Julian Robertson's decision to kill his Tiger funds makes a mockery of what fund managers preach to clients - that when the markets get wild, we should sit tight and keep our cool as long as we know our portfolios are built with sturdy stocks.
Robertson's determination to stick to his "buying-the-best-stocks-and-shorting-the-worst" philosophy no doubt deserves empathy. The tech stock whirlwind stripped his six funds' aggregated assets from $22 billion to just $6 billion in 18 months.
Admittedly, $7.7 billion of that hefty sum was withdrawal from investors, while his short position on the yen in 1998 also proved to be costly.
Robertson rightly points out that the current market is "irrational" where profits and values are taking a back seat to mouse clicks and momentum. Surely, when an investment legend of Robertson's calibre decides to desert what he considered to be good value, old economy portfolios, logic tells us his action can mean only one thing: he believes the temperature of this tech stock fever will continue to rise. Or at least the prices of old economy stocks will continue to be subdued.
Instead, we saw the Nasdaq dip as much as 6% on the news that Tiger funds had quit the market while major old economy stocks in Tiger's holdings also tumbled. The warning by Abbey Cohen of Goldman Sachs that the Nasdaq was overvalued only adds to the market confusion.
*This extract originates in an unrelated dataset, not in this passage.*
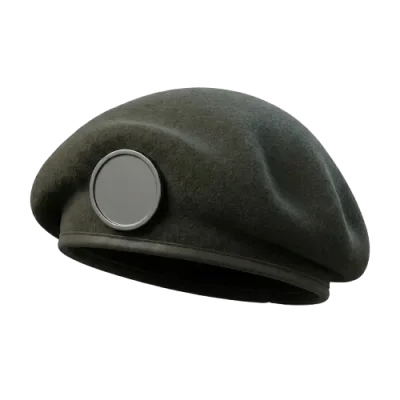 Veteran Bill Relief Program Matcher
The latest craze among tech stocks analysts are manufacturers of computer parts, like Taiwan Semiconductor Manufacturing Company (TSMC), and old companies with a new spin on the internet, like the US retail giant Walmart.
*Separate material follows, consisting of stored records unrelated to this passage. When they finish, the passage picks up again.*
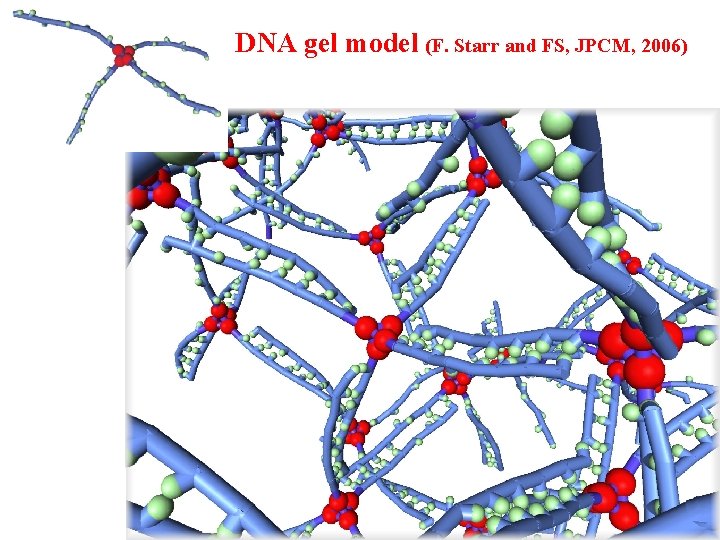 DNA gel model (F. Starr and FS, JPCM, 2006) 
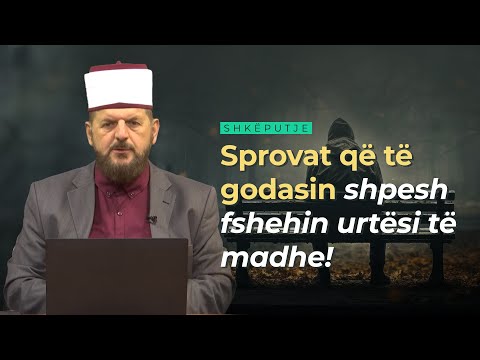 Sprovat që të godasin shpesh fshehin urtësi të madhe! - Dr. Shefqet Krasniqi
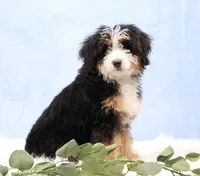 Demi, a male Miniature Bernedoodle for sale in Livingston, WI – Photo 3 of 10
Fund managers' rationale for being in the former sector is that companies like TSMC are well-positioned to take advantage of US growth and they should be relatively safe in the event of a major fall in the tech sector.
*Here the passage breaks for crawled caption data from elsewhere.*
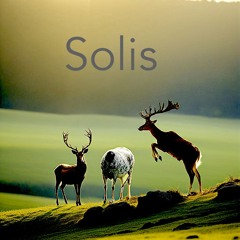 Solis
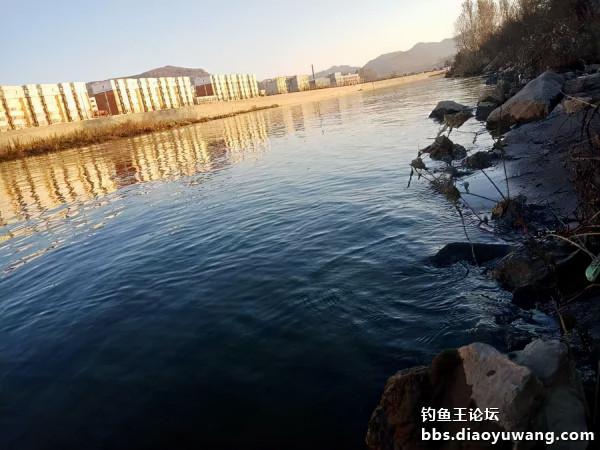 釣魚王餌兩腥配，帶來一次小豐收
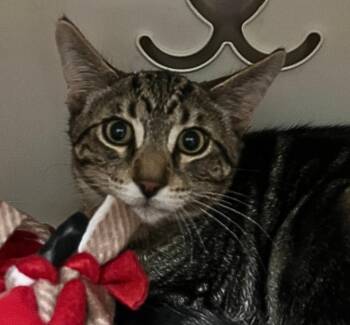 Cricket -  Domestic Medium Hair Cat for Adoption - Cricket | PetCurious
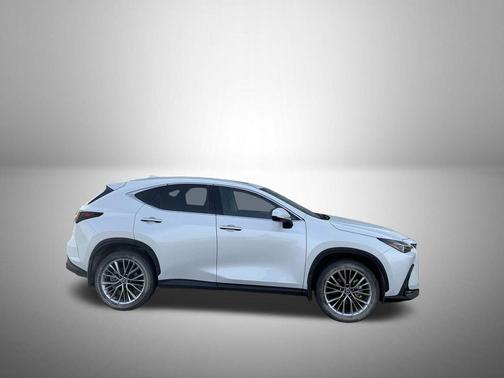 2025 Lexus NX 350h Premium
In the second case, there is a perception that some of the established retailers who are moving on to the net will have the power to attract customers to buy online.
Robertson says the current market is one that he can no longer understand. Given the recent behavior in the market - investors worrying about the tech-stock bubbles while continuing to steam up the froth - who in their heart can disagree?